ResearchPress
45 Cal.
"Gunpowder, Explosives and the State" (Ed. Brenda Buchanan) has an essay by Bill Curtis on the 'Confederate Gunpowder Works, Augusta, Georgia'. This essay also cites Lt. O'Flynn's 1996 'Analysis of the Quality of Confederate Gunpowder Produced at Augusta Powder Mills'.G. W. Gill said:I was raised to believe the Confederate Govt. produced the very best powder.
Apparently O'Flynn cites a number of contemporary sources on the subject of the inferiority of Confederate Powder. These relate to artillery which require "particularly accurate levels of powder quality", without which range tables of elevations and fuse settings would have been unreliable.

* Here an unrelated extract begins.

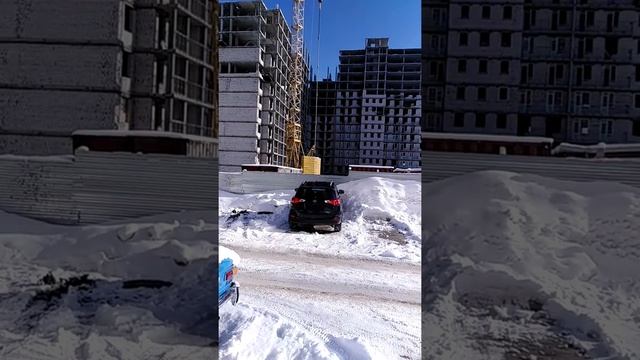 ? ЖК ＂Матрёшки＂ (ул.Балтийская д.93) Вести с полей. Стройка идет полным ходом ? "Матрёшки" (ул.Бал смотреть онлайн
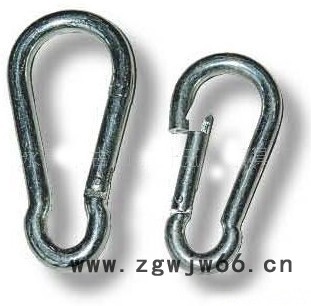 供应弹簧扣保险扣安全扣铁登山扣户外多功能登山扣挂钩快挂D型铝合金钥匙扣背包水瓶挂扣男安全扣图2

Quoting again "The reports complained of shots falling short, the inability of mortars to reach out to their maximum range, and of the marked superiority of Norther powder when it was captured."
Curtis notes that regarding small arms and the comparatively short musketry ranges would have only been adversely affected by any tendency of poor powder to create an excess of powder fouling, making loading a problem.
G.W.Rains who was appointed to establish a gunpowder industry in the South delivered an address to the Confederate Survivors Association in April 1882. In the published text I have he does refer to the testing of the powder to "insure its equality of strength".
If you have information that contradicts O'Flynn's findings I'd be interested to know.